Riding high on a 49% growth against the industry average of 3.1% during the first half of the fiscal (April-September'12), Honda Motorcycle and Scooter India (HMSI) has chalked out expansion plans for its dealers' network and production facilities, with an eye on the long-term target of producing 10 million units by 2019-20. HMSI is a 100%-owned subsidiary of Honda Motor Company Ltd.
One of the fastest-growing two-wheeler companies, HMSI has registered 64% growth in motorcycle sales and 39% in the scooter segment during the first half.
The maximum growth of 95% has been witnessed in the 100-110 cc motorcycle segment, followed by 81% in 150-cc bikes, 55% in the 125 cc and 39% in the automatic scooter segment during the first half.
Focussing on business process re-engineering, the company has invested Rs. 150 crore in setting up of a new technical research centre within the HMSI Manesar facility.

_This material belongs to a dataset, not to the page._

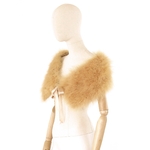 cache épaule femme plume beige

"Catering to the needs of local customers and growing demand from Tier-II and III centres, the company will introduce new models, with increased mileage in our products and cut prices, while going for more local sourcing," said Keita Muramatsu, president and CEO, HMSI.
The company will expand its dealers' network from 1,653 to 2,000 by 2012-13, apart from upgrading the existing service centres. In addition, to achieve its target, Honda is expected to come up with seven to eight new facilities in near future. HMSI's third facility is under construction in Karnataka and is expected to come on stream by 2014 and produce 1.2 million units annually. It will hire 3,000-4,000.
"We're planning to take our scooter and motorcycle production ratio from current 59:41 to 50:50 by 2013," said Muramatsu.